> **About this exercise**:
Starting at the first line of the listing below, repeat each line up to and including the one containing "Disney Parks Magic". Leave out pictures.

===== Supplied material =====

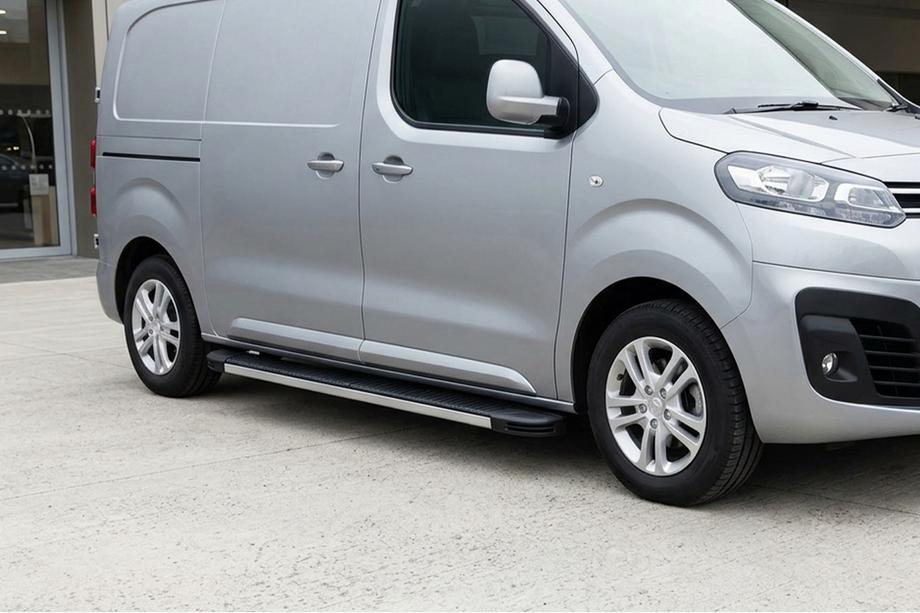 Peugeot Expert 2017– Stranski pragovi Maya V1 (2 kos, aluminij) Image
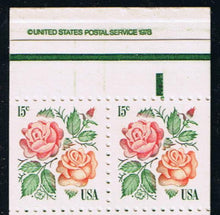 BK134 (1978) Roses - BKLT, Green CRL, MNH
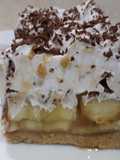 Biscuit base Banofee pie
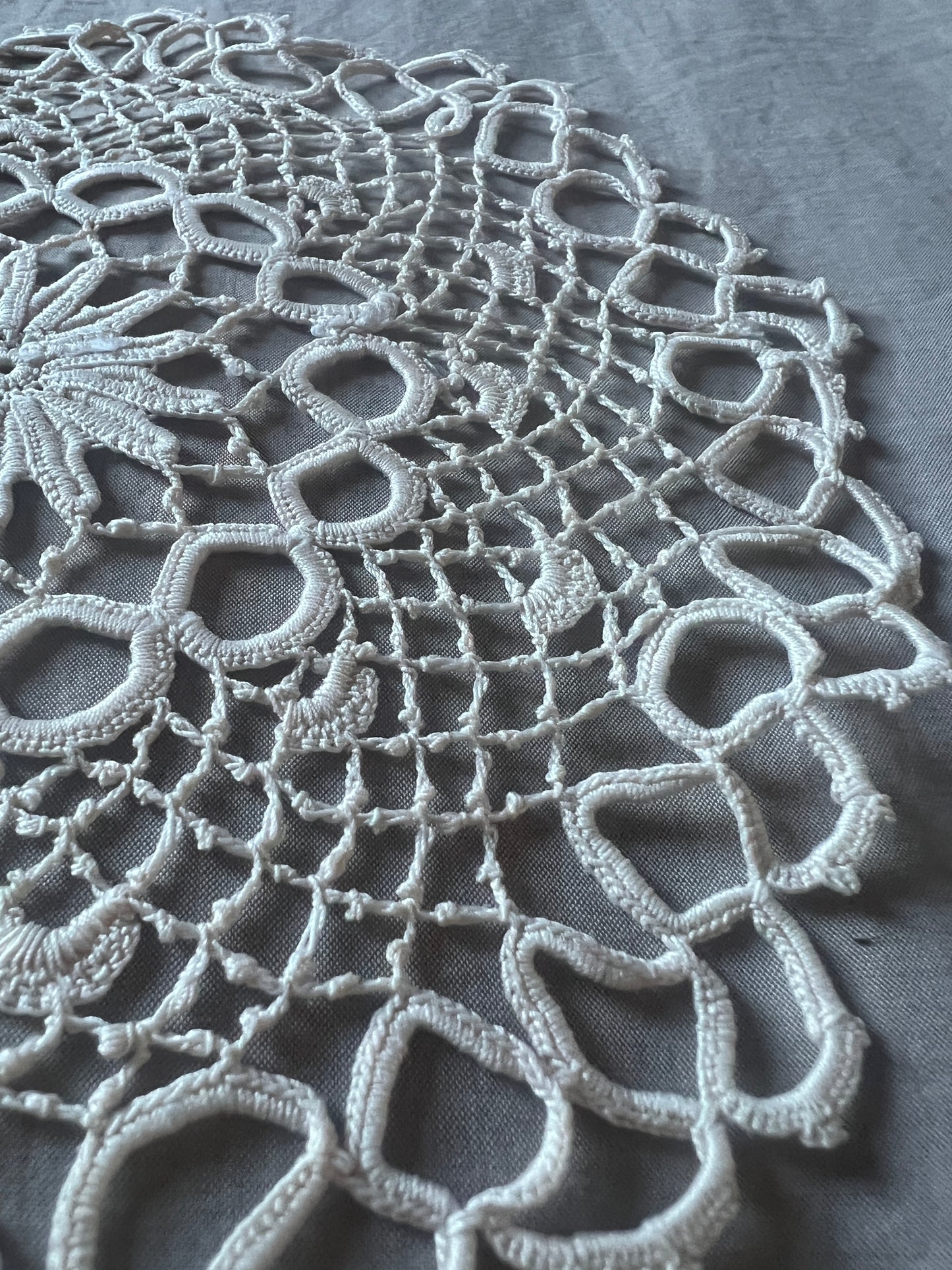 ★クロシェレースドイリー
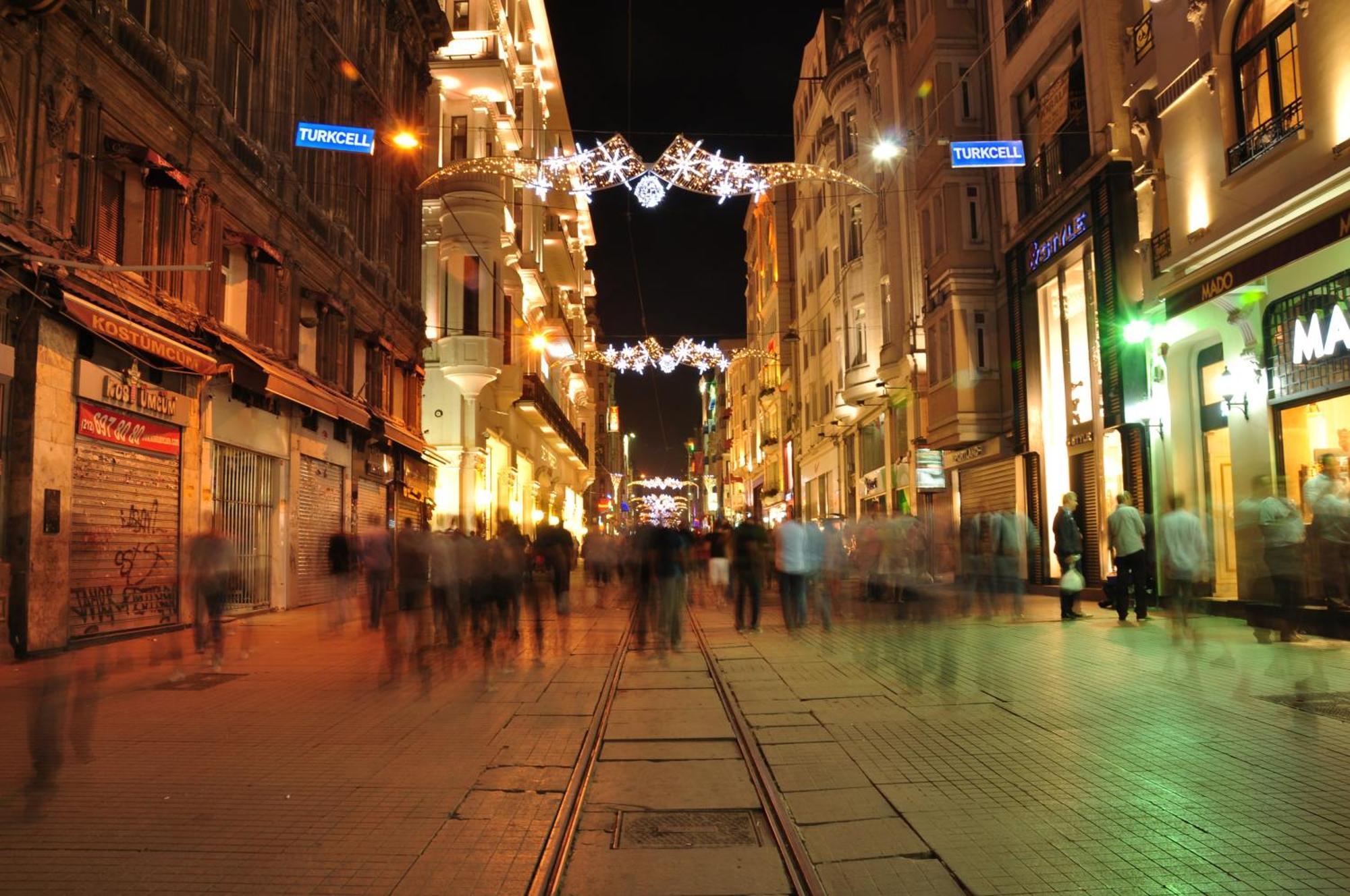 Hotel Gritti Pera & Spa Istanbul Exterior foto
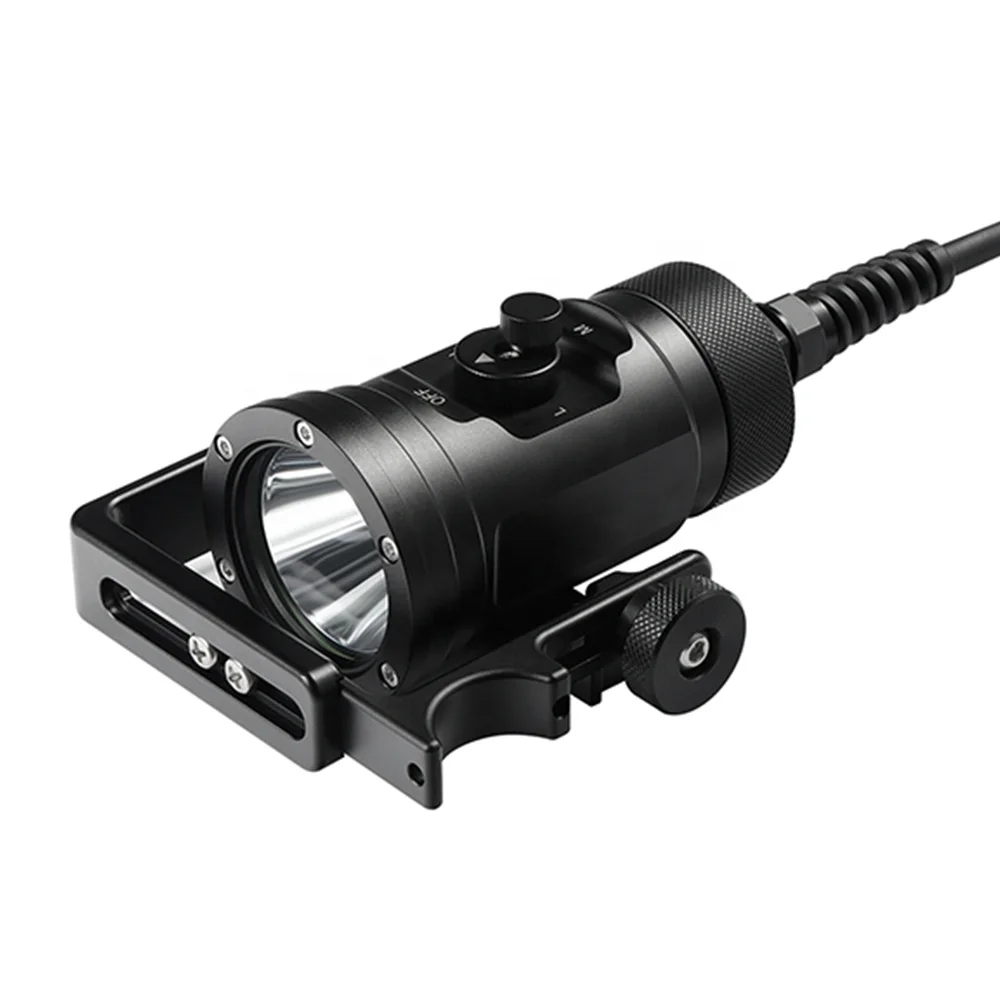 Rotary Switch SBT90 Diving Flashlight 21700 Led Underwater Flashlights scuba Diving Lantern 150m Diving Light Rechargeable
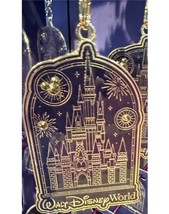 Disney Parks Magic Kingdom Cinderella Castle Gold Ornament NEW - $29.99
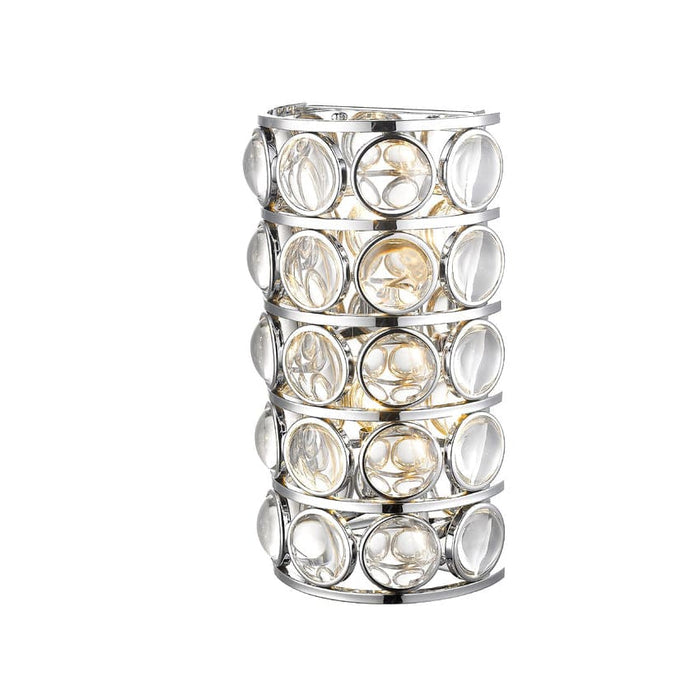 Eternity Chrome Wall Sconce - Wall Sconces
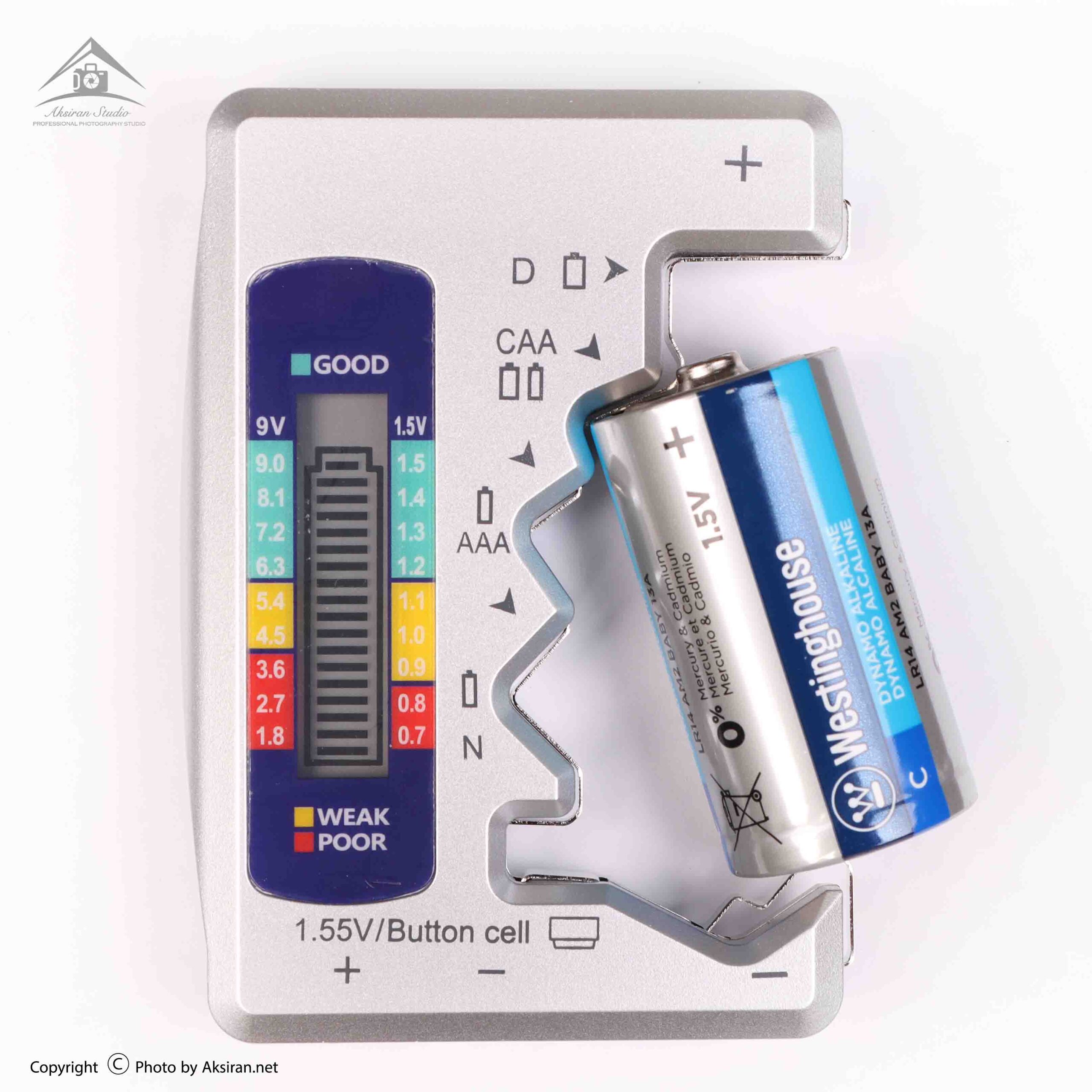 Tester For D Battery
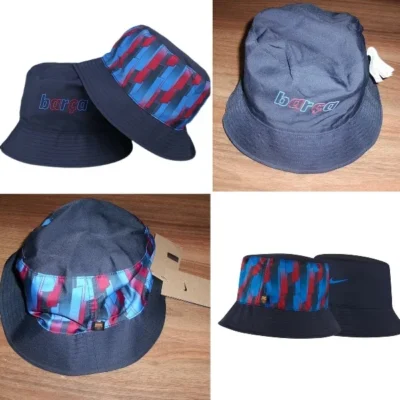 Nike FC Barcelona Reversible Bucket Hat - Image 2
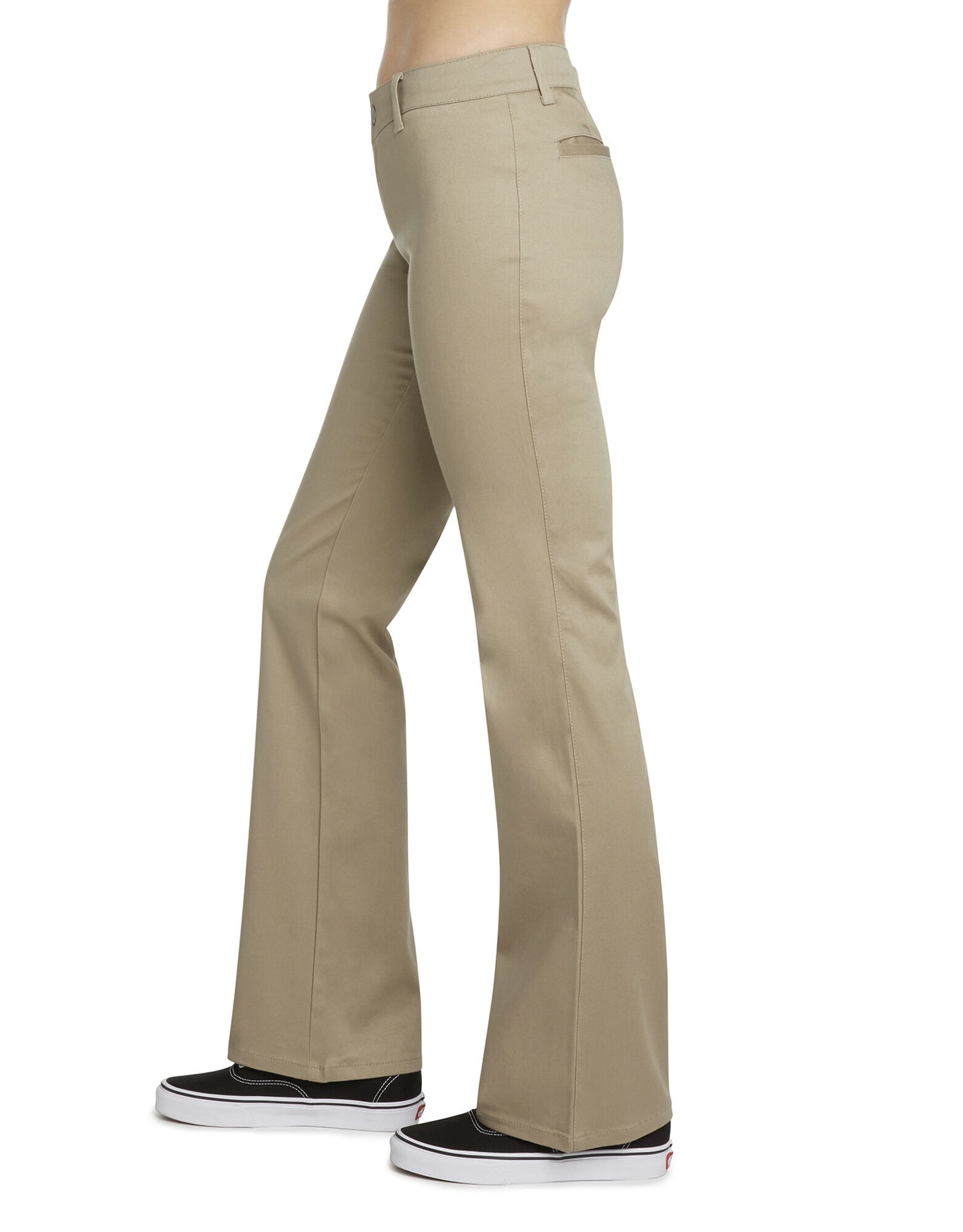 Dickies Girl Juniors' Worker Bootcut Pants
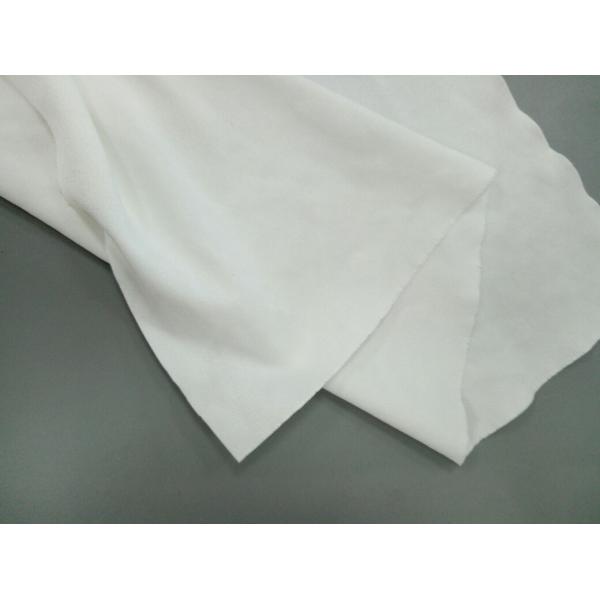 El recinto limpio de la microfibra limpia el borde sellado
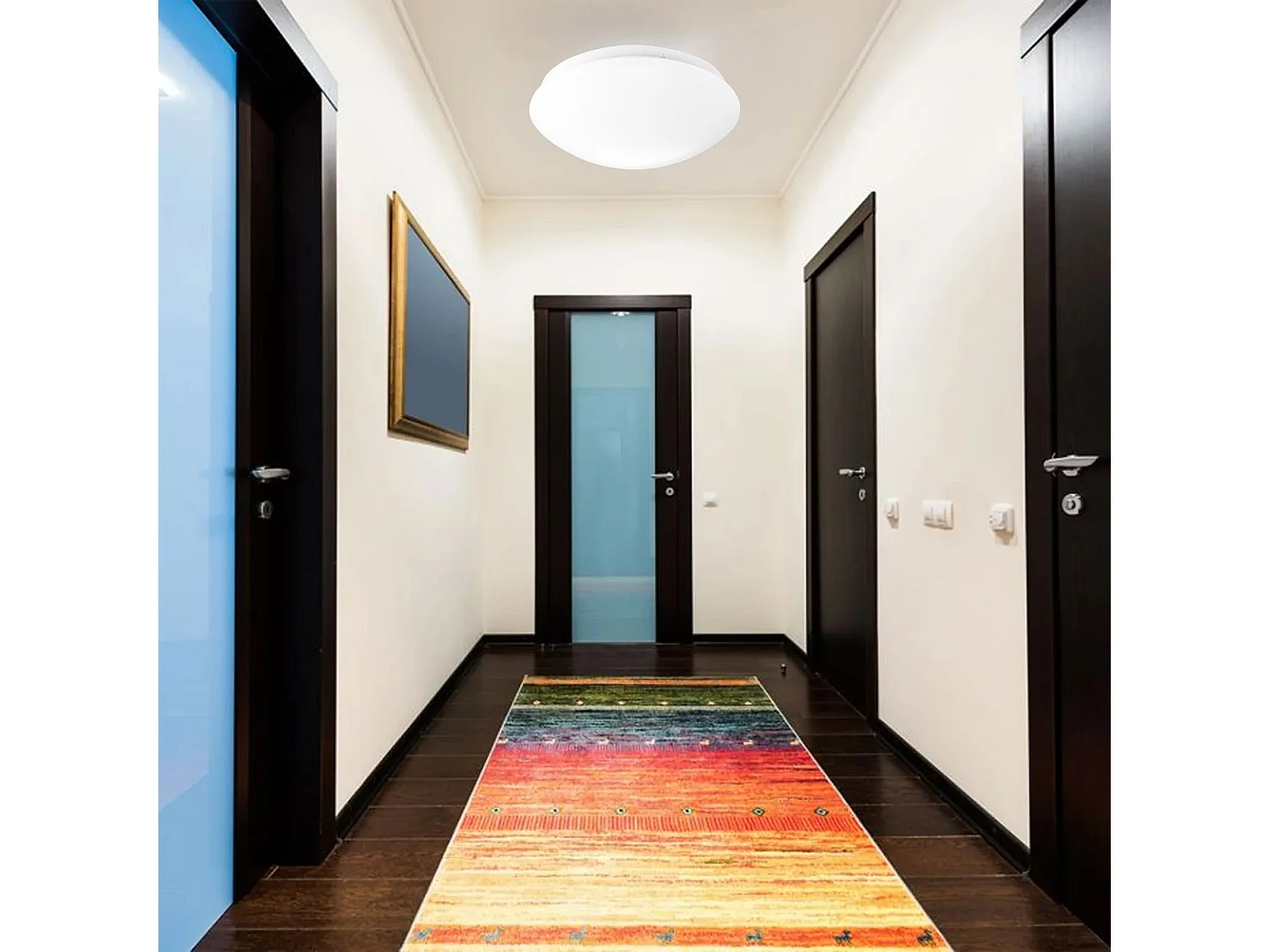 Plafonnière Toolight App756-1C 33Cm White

=====

> **Written reply**:
 Peugeot Expert 2017– Stranski pragovi Maya V1 (2 kos, aluminij) Image
 BK134 (1978) Roses - BKLT, Green CRL, MNH
 Biscuit base Banofee pie
 ★クロシェレースドイリー
 Hotel Gritti Pera & Spa Istanbul Exterior foto
 Rotary Switch SBT90 Diving Flashlight 21700 Led Underwater Flashlights scuba Diving Lantern 150m Diving Light Rechargeable
 Disney Parks Magic Kingdom Cinderella Castle Gold Ornament NEW - $29.99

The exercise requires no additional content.